The crux, do I promote myself at the risk of annoying every friend I have in the digital realm in order to build a platform; or continue along the traditional route with a literary agent?

The answer is both. I am trying to publish traditionally while self-promoting so publishing e-books is still an option. I have to go outside of my comfort zone to succeed. 

I created this blog years ago to build my platform. As you can see from my lack of posts, I’ve failed miserably so far. After all, it’s fun to write fiction and hardly feels like work. Writing a blog post is much harder for me. I’m determined to reach an audience of potential readers, so I will keep posting.

I hope you follow me along this journey of self-promotion and witness when I first publish. I say “when” because I will never quit writing.


Thanks for reading, and please check out my current projects. I’d love to hear your comments!  


Wednesday, January 20, 2016

It's in the "How"

I had a teacher in college who claimed that there were only 54 different types of stories. That’s it.  Fifty-four storylines that vary only in how they are told. I thought he was ridiculous (he wasn’t my favorite teacher), but then I stopped and thought about the books that I’ve read. Sure, they were different. Some involved vampires, ghosts, antiheros, etc. But at the core, each story was essentially the same. Man vs. man, man vs. nature, man vs. technology, man vs. self, love triangle, rags to riches, voyage and return, etc.

When I looked into it a little bit more, I found that many people believed there were even fewer plot lines. It sort of made sense to me.

I read a lot, so over time I realized how true his words rang. If I read a particular genre often enough, I can usually see the ending coming from a mile away. Somehow, it doesn’t usually bother me. The voice of the character and the structure of the story are intriguing enough to keep me interested.

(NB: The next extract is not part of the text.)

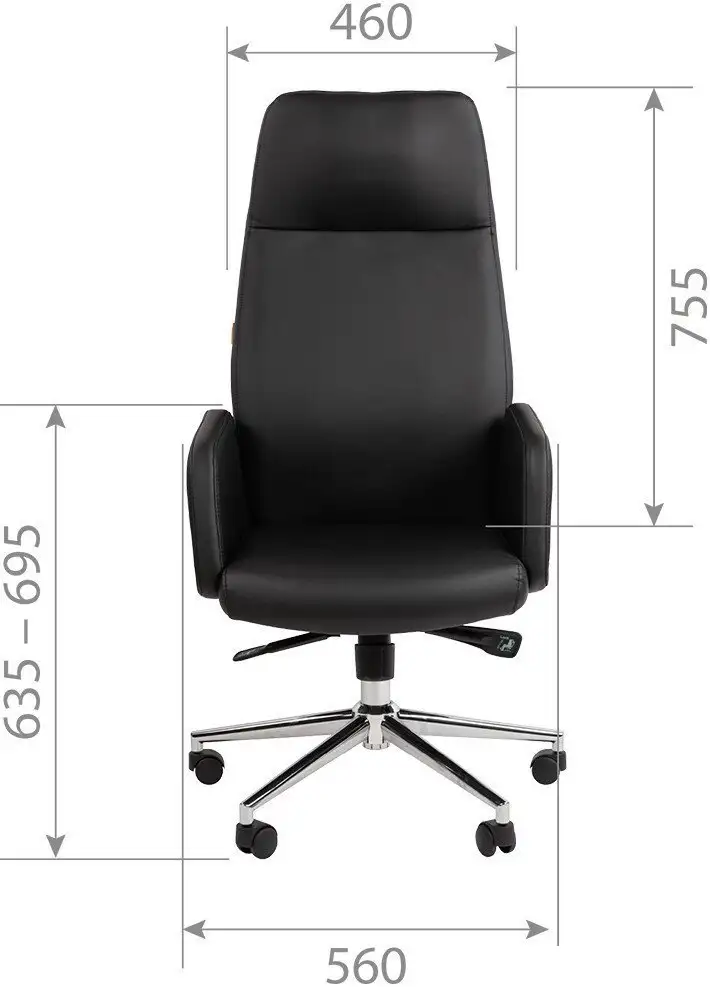 Офисное кресло CHAIRMAN 929 (экопремиум черный/серый) – фото товара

So, being a writer, I understand that the main difference between all the basic plots that exist is not what it’s about but how it’s told. I can’t tell you how many young adult novels I’ve read with basically the same premise: damaged girl finds herself and love in a bad boy…HEA. While I’m reading, I know it’s happening, but I love all the ones that are written well. It’s my go-to genre when I need a pick-me-up.

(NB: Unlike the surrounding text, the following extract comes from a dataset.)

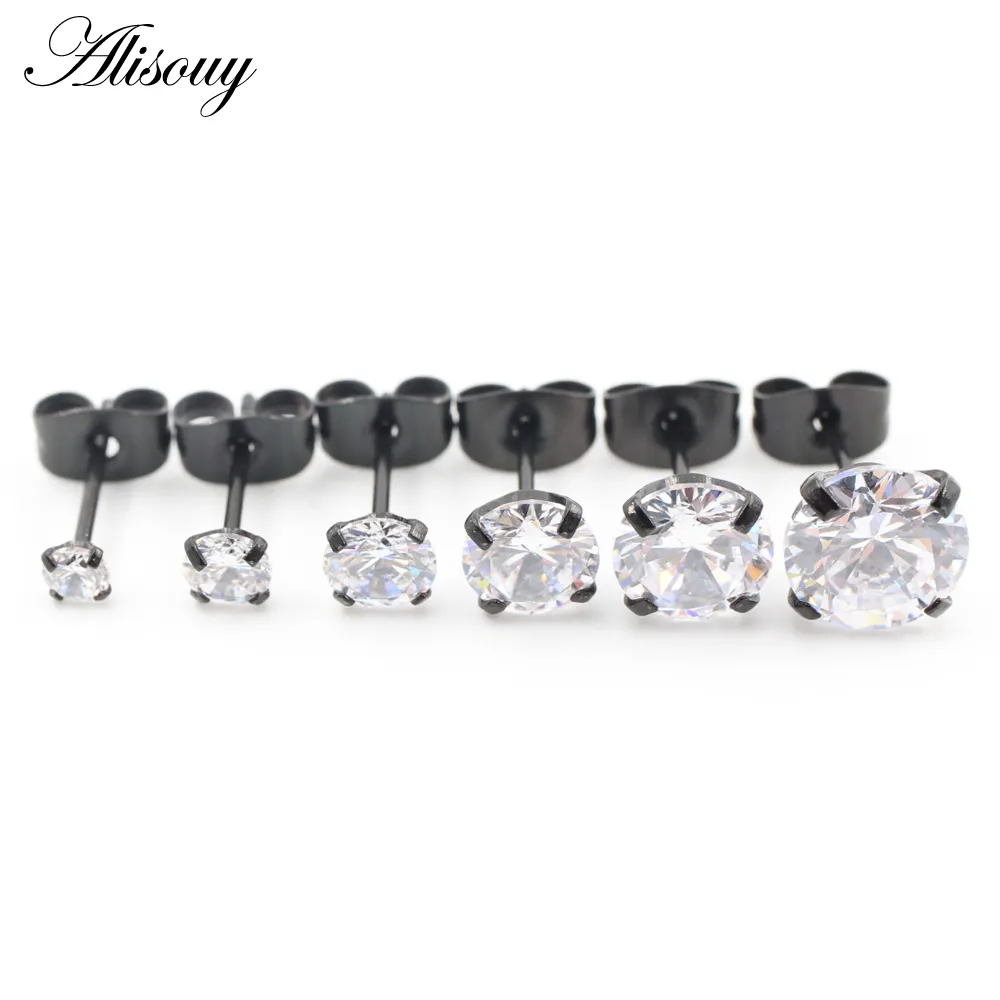 Alisouy 2 Stuks Kleine Gouden Kleur Oorbellen Steen Cz Kristal Oor Studs Chirurgische Stalen Zirkonia Helix Oorbel Vrouwen Accessoires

I’m trying to publish a post-apocalyptic-dystopian-thriller with a romantic presence. I love reading dystopian novels; after all Brave New World is my favorite book. As much as I want to say all the dystopian books I’ve read are all different, the bare bones are essentially the same. It’s the “how” that makes them unique. It’s the answer to “how” that keeps bringing me back to the same genre. 

With that in mind, I consciously try to make my stories different from others out there, not only with the variations in the plot, but also in how it’s told. I add symbolism that will carry through the book and hopefully add an extra dimension. I have journals full of notes on character traits and drawings. They become real people in my mind. I fashion my story around what the character would do in a particular situation.

I spend my driving time thinking about different plot-twists and forms of conflict. I go to bed imagining up new scenes or pondering what would make my storyline better. I have hundreds of notes scattered in different journals and in my phone. The “how” of my stories drives me through my day and pushes me into the next.

It’s the “how” that makes it fun to write. It’s the “how” that makes it fun to read.

So, although it seems there are fewer basic plots than the mind would like to believe, it really doesn’t matter. Our curious nature demands an answer to “how”, and keeps us coming back for more.